Disamping kesabaran dan ketabahan, juga harus memiliki sikap husnu-zhan (berbaik sangka) kepada Allah SWT. Apa yang terjadi pada si sakit adalah kebaikan buat dirinya.

Rasulullah bersabda : "Aku bangga dengan orang mukmin, sesungguhnya Allah SWT tidaklah menetapkan suatu keputusan, kecuali akan berakibat baik kepadanya." (HR Ibnu Hibban dari Anas)

"Aku heran dengan mukmin yang gelisah menghadapi penderitaan sakitnya. Jika ia mengetahui sesuatu (pahala) yang terdapat pada sakitnya, ia pasti akan mengharapkan sakit tersebut sehingga bertemu dengan Allah SWT." (HR Thabrani dari Ibn Mas'ud)

Berbaik sangka kepada Allah akan melahirkan persangkaan baik pula kepada sesama manusia. Prinsip semacam inilah yang akan melahirkan sikap saling mengerti, saling memahami, senasib sepenanggungan, saling merasakan (empati), serta suka dan duka dirasakan bersama.Menjenguk orang yang sakit adalah puncak dari rasa persaudaraan yang harus dimiliki dan dikembangkan oleh setiap muslim. Tiada iman tanpa ukhuwah (rasa persaudaraan) yang mendalam.

Rasulullah bersabda : " Engkau lihat orang-orang mukmin dalam sayang menyayanginya, saling mencintai dan saling mengerti, adalah seperti satu tubuh. Apabila satu anggota tubuhnya sakit, maka yang lainnya akan merasakan pula panas dan demamnya." (HR Ahmad dari Abu Umamah).

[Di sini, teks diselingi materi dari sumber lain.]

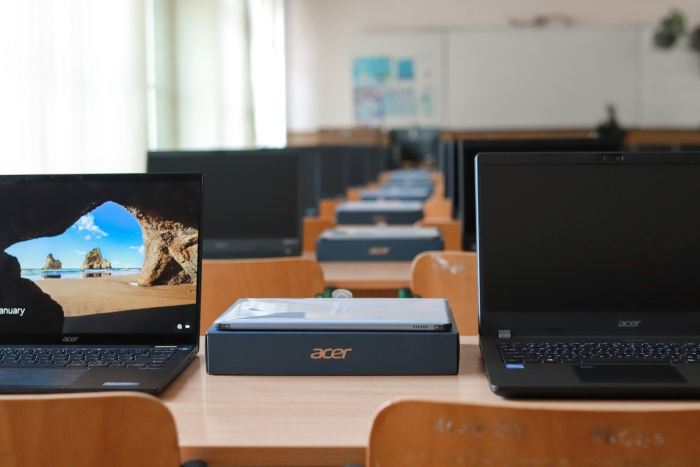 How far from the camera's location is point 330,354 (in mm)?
1500

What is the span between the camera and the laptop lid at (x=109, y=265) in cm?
162

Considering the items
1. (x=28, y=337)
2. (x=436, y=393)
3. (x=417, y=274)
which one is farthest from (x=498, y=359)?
(x=417, y=274)

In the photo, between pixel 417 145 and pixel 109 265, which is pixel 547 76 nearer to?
pixel 417 145

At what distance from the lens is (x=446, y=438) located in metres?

K.H. Didin Hafidhuddin, M.Sc.

-Sakit Menguatkan Iman-

Labels:

posted by n.lestari @ 6:41:00 AM,

1 Comments:

At 11:26 PM, Blogger adipatria said...

Bentuk syukur kita kepada Allah SWT, tidak hanya dengan ibadah yang bersifat ritual saja khan.. alangkah lebih baiknya bila kita aplikasikan dengan banyak2 bersedekah .. bersedekah tidak hanya dalam bentuk materi saja .. bisa dlm bentuk doa, bahkan senyumanpun sudah merupakan sedekah .. bener khan Lestari?